Magic Circle Key Difference

Mona Megistus has discovered an ancient magic circle represented by a complete graph with \(n\) vertices. In this graph, exactly \(m\) edges are colored red while the remaining edges are blue. Mona obtains a key when she selects four distinct vertices such that all the six edges connecting these vertices have the same color. She gets a red key if all the edges are red, and a blue key if all the edges are blue.

The magic power of the circle is defined as the absolute difference between the number of red keys and blue keys.
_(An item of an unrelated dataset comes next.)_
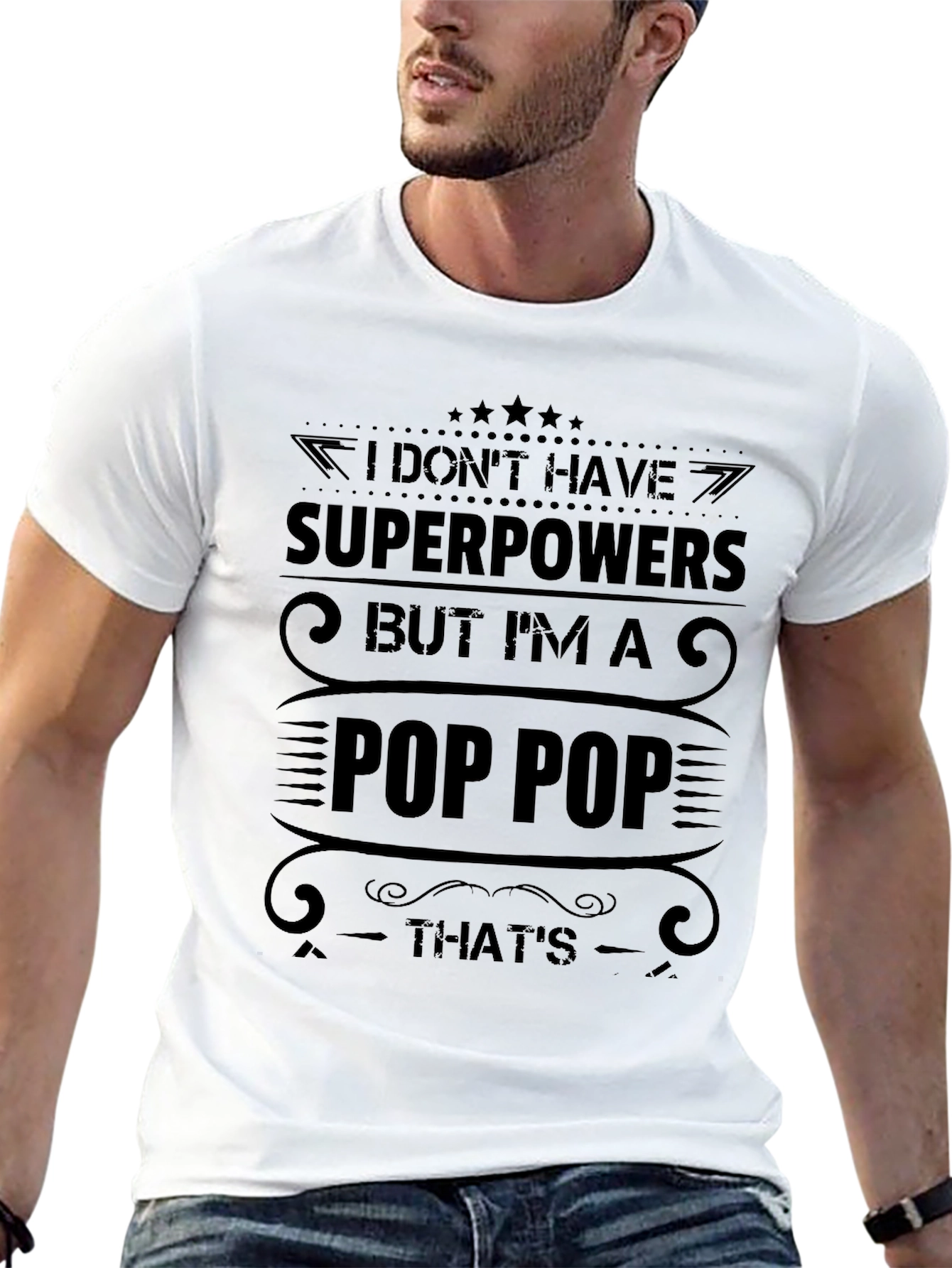 Pop Pop Superpower T-Shirt - Mens Black Graphic Tee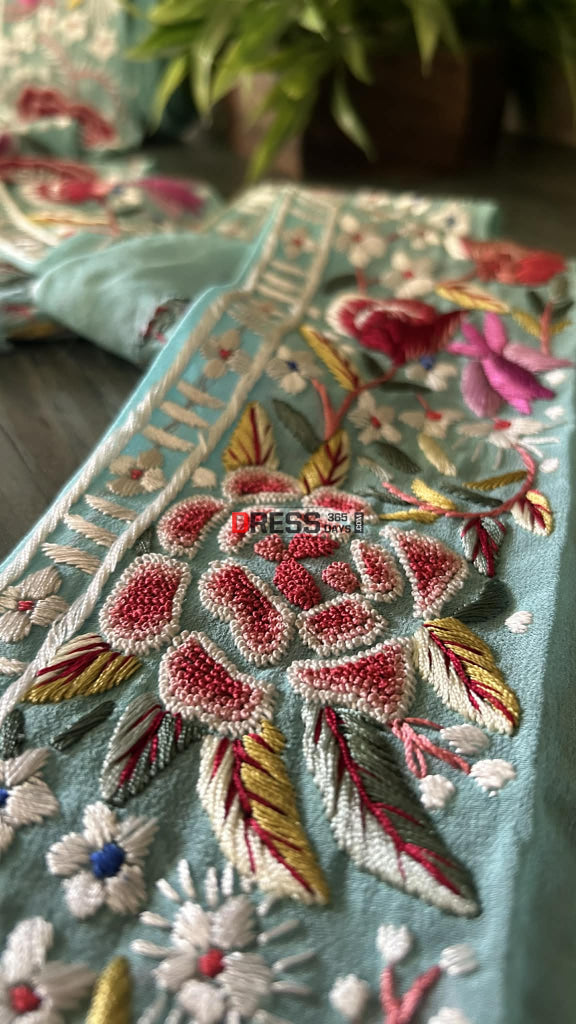 Exclusive Parsi Gara Hand Embroidered Border (Sea Green)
Your task is to compute this magic power.

Note: The graph is complete, i.e., every pair of distinct vertices has an edge.
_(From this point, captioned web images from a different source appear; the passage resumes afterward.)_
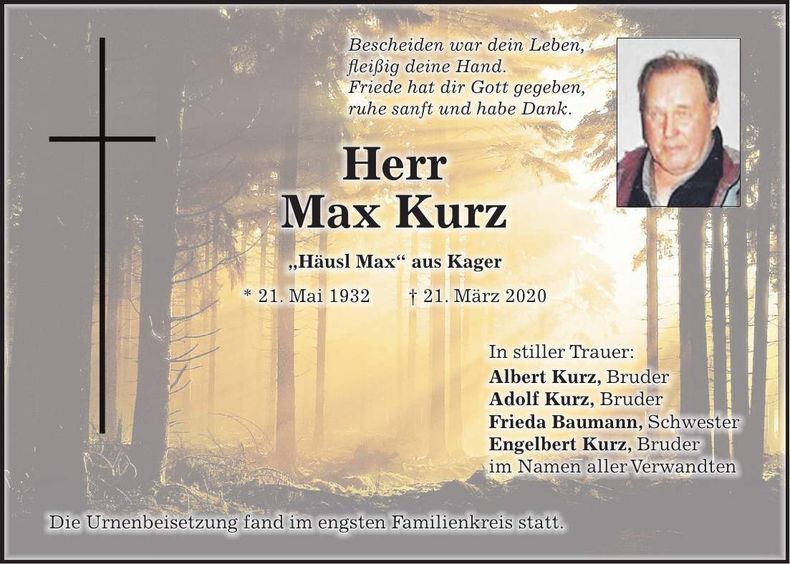 Traueranzeige Max Kurz
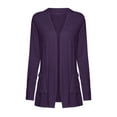 thumbnail image 2 of Winter Polyester Long Sleeve Spandex Cardigan for Women Purple Cover-Up Solid Color Round Neckline Womens Ladies V Neck Coat Pockets Outerwear S, 2 of 5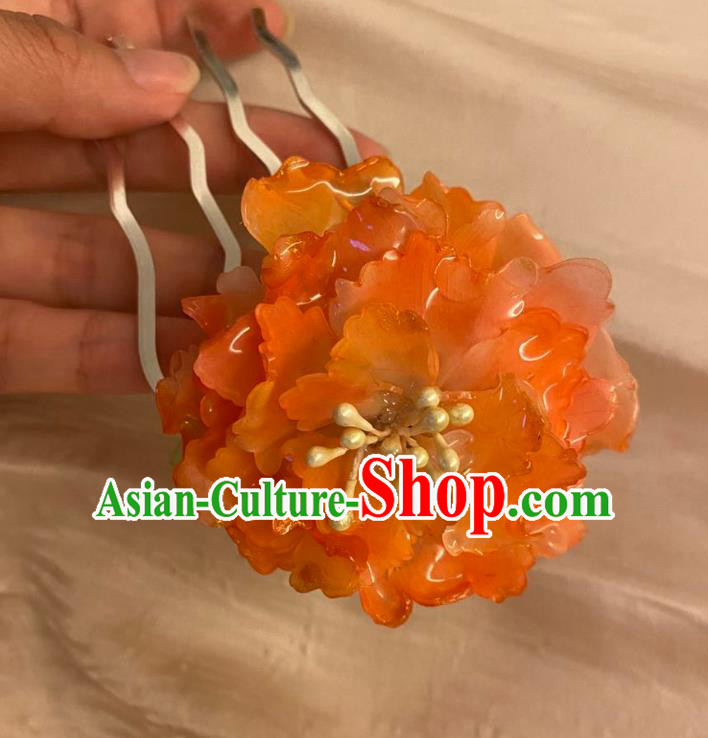 Chinese Ancient Palace Lady Flowers Hairpin Hanfu Hair Accessories Handmade Orange Peony Hair Comb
The condition for a key from four vertices \(a, b, c, d\) is:

[ \text{Key exists if either } \bigwedge_{\substack{(i,j) \in {(a,b), (a,c), (a,d), (b,c), (b,d), (c,d)}}} edge_{i,j}\text{ is red, or all are blue.} ]

inputFormat

The first line contains two integers \(n\) and \(m\) \( (4 \le n, 0 \le m \le \frac{n(n-1)}{2})\), where \(n\) is the number of vertices and \(m\) is the number of red edges.

Then follow \(m\) lines, each containing two integers \(u\) and \(v\) \((1 \le u, v \le n, u \ne v)\) indicating that the edge connecting vertices \(u\) and \(v\) is red. The remaining edges in the complete graph are blue.

outputFormat

Output a single integer, the absolute difference between the number of red keys and blue keys that can be obtained from the graph.

sample

4 6
1 2
1 3
1 4
2 3
2 4
3 4

1